=== Section Start ===
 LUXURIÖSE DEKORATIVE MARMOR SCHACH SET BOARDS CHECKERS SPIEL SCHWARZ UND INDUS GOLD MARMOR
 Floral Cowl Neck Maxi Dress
=== Section End ===
=== Section Start ===
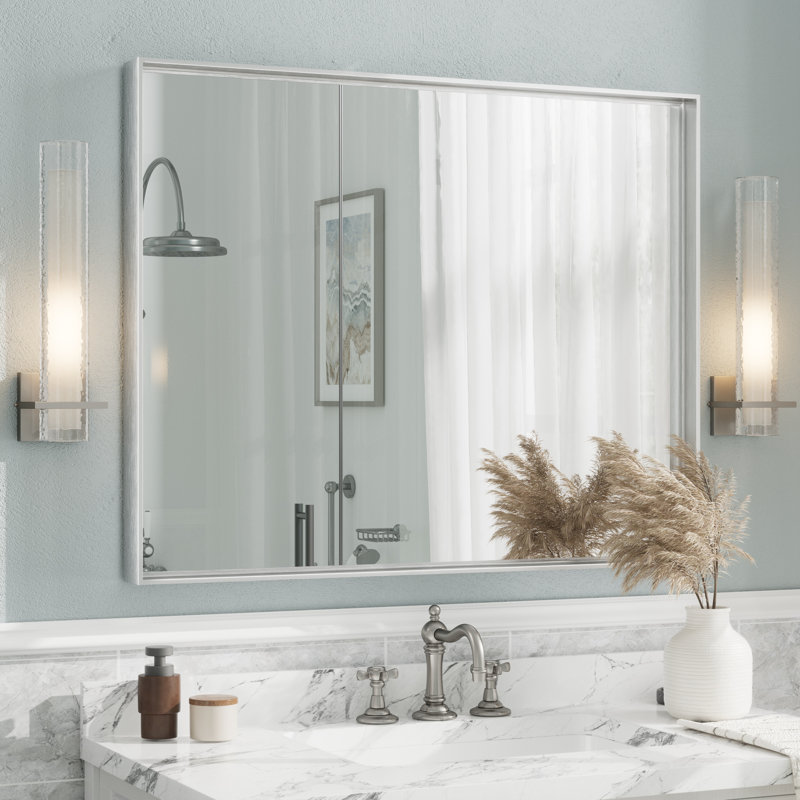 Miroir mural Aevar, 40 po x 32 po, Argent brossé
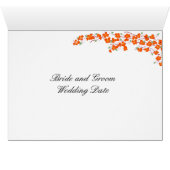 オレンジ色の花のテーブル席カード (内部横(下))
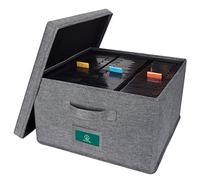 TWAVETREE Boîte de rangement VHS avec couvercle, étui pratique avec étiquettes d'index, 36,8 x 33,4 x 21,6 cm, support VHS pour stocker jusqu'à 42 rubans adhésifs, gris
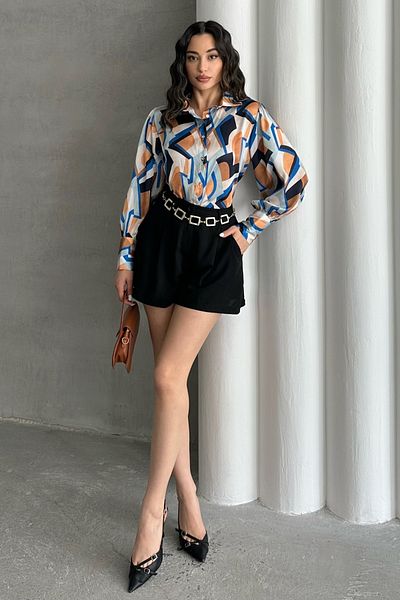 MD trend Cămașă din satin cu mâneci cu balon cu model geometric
=== Section End ===
=== Section Start ===
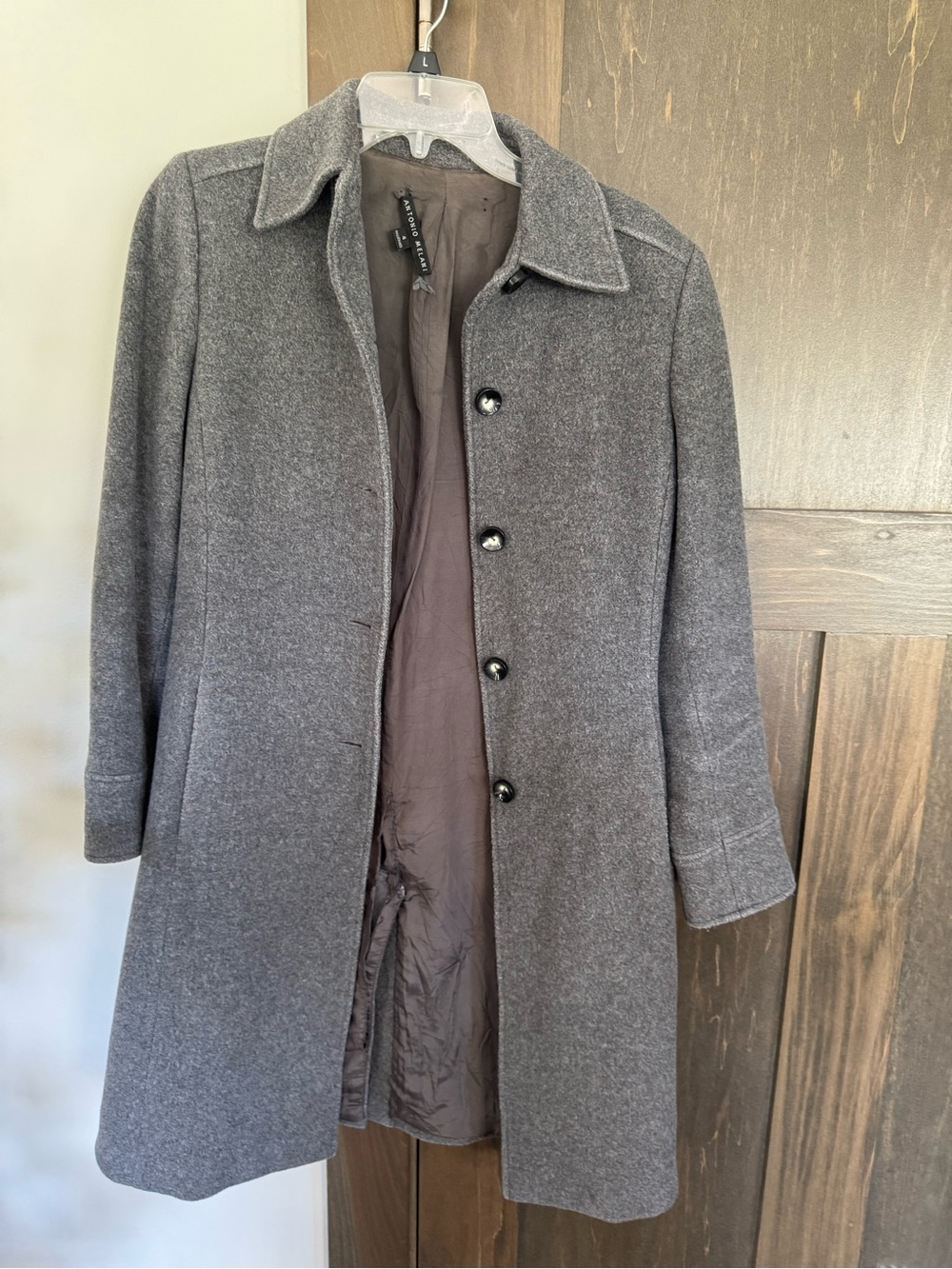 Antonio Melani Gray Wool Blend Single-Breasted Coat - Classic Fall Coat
=== Section End ===
Instructions to follow: Out of the records above, set down only the lines from the one that contains "Miroir mural Aevar, 40" through the one that contains "MD trend Cămașă", unchanged and without the pictures.

Problem solution:
 Miroir mural Aevar, 40 po x 32 po, Argent brossé
 オレンジ色の花のテーブル席カード (内部横(下))
 TWAVETREE Boîte de rangement VHS avec couvercle, étui pratique avec étiquettes d'index, 36,8 x 33,4 x 21,6 cm, support VHS pour stocker jusqu'à 42 rubans adhésifs, gris
 MD trend Cămașă din satin cu mâneci cu balon cu model geometric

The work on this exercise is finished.